↓

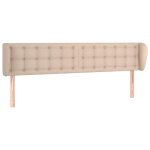 Vidaxl t�te de lit avec oreilles cappuccino 163x23x78 / 88 cm similicuir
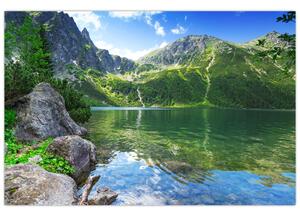Obraz jazera v Tatrách (90x60 cm)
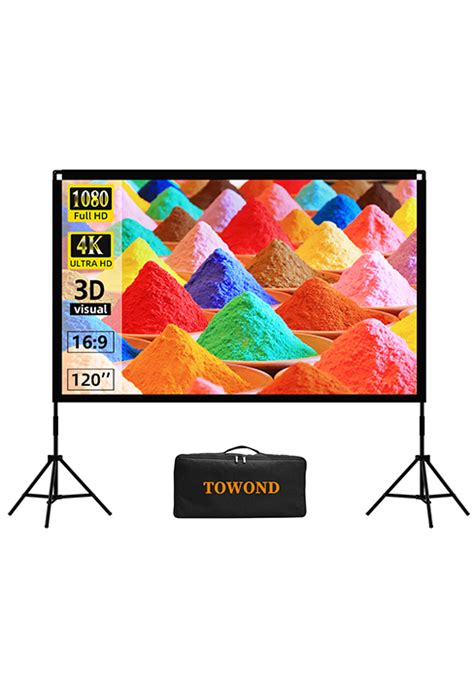 Amazon Projector Screen And Stand Towond Inch Portable Movie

↑

> [Work order] Every line from the one containing "Obraz jazera v Tatrách (90x60 cm)" through the last line of the data is to be retyped exactly, with nothing added and no pictures included.

> [Result of this exercise]
Obraz jazera v Tatrách (90x60 cm)
 Amazon Projector Screen And Stand Towond Inch Portable Movie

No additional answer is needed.